第41回 リアルとは何か
(星ナビ2008年6月号に掲載)
プラネタリウムのリアルさの追求について思うところを述べます。
本物の星空とイコールであることが正しいのか
最近、プラネタリウムのリアルさということについてよく考える。
プラネタリウムの目指す方向が、より本物の星空に近い、リアルな星空を再現するということはもちろんだ。けれどリアルな星空とは何だろう、と突き詰めて考えると、これがなかなか難しい。
リアルさの追求を放棄したように聞こえるかもしれないがそうではない。本物の星空の姿を伝えることがプラネタリウムの命題であることはもちろんだ。その考えのもと、僕もメガスターを創りあげた。では、本物の星空と完璧にイコールであることが正しいのか、ということだ。
象徴的な例を示したい。例えば星の明るさの設定ひとつとってもそうである。メガスター開発当初、天文学的正しさを追求することに集中し、1等星と11等星の光度比を、ポグソンの法則(1等級で約2.5倍の光度比)通りに作った。光度比を測ると、正しい。なのに何かおかしい。背景が、夜空が明るすぎるのである。
そこから様々な試行錯誤があって、今の光度比にたどりついた。ドームに再現すべき1等星の明るさは、本物と同じ明るさでは暗すぎる。それにはいくつかの理由がある。ドームの大きさが有限であって、観客の座る位置がまちまちであること、昼間の上映では、観客の目が完全に暗闇に順応しきれないこと。こうした理論だけでは計れない現実的な要因により、計算上よりも明るい星像が、観客の目には最も本物の星に近いと映るのである。ところが上映が始まり、ひとたび暗闇に目が慣れた観客の目には、今度はだんだん背景が明るく感じられてくるのだ。
リアルはひとつではない
こうして学んだことは、数字だけではリアルだと感じさせる星空を作るには不十分だということだ。テレビでも映画でも、映像ならばおそらく共通していることだと思うが、見る人間の感覚というフィードバックなしには、本物のディテールを描き出すことはできないらしい。

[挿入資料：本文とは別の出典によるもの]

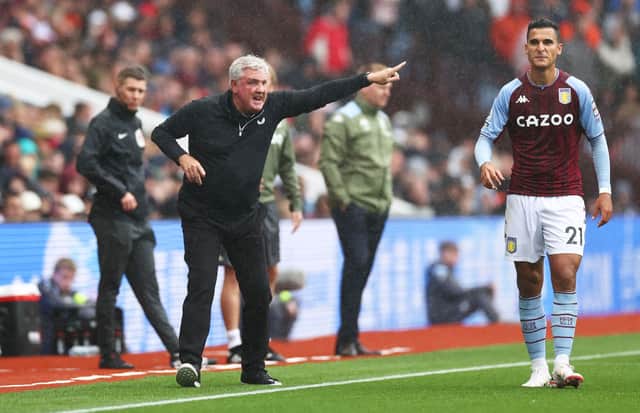 Steve Bruce, Manager of Newcastle United gives instructions during the Premier League match between Aston Villa and Newcastle United at Villa Park on August 21, 2021 in Birmingham, England.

ここはさらに研究を要する分野である。よりリアルな星空を再現したいと、プラネタリウム作りを手がける者なら誰もが願っている。しかし本物の星空を地上に作り出すことができない以上、どの側面を切り出すかによって答えは異なる。何を伝えたいのか?何を表現したいのか?どこがリアルなのか、ではなく、本物のどの側面を切り取り、どこが本物と違うのか?そこに作り手の意志が表れるし、目的が活きてくる。値打ちが出る。重要なのは何をしたいのか、ということ。目的次第で答えは様々なのだ。考えた末に今の僕が出した結論。